Data for review:
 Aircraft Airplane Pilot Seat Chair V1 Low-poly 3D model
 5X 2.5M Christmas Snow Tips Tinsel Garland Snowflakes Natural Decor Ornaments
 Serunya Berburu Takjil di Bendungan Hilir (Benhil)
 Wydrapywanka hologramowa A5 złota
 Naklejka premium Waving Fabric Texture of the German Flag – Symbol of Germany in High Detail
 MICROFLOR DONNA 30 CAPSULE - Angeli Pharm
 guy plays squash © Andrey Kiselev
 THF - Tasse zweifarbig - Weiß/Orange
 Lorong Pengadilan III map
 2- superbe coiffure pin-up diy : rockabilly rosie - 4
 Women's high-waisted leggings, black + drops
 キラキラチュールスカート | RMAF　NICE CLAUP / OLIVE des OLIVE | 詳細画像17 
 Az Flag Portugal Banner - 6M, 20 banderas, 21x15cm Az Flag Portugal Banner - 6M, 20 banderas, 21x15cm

Activity:
All lines from the one with "キラキラチュールスカート | RMAF　NICE" through the end of the records need to be copied exactly, and no other lines.

Expected answer:
 キラキラチュールスカート | RMAF　NICE CLAUP / OLIVE des OLIVE | 詳細画像17 
 Az Flag Portugal Banner - 6M, 20 banderas, 21x15cm Az Flag Portugal Banner - 6M, 20 banderas, 21x15cm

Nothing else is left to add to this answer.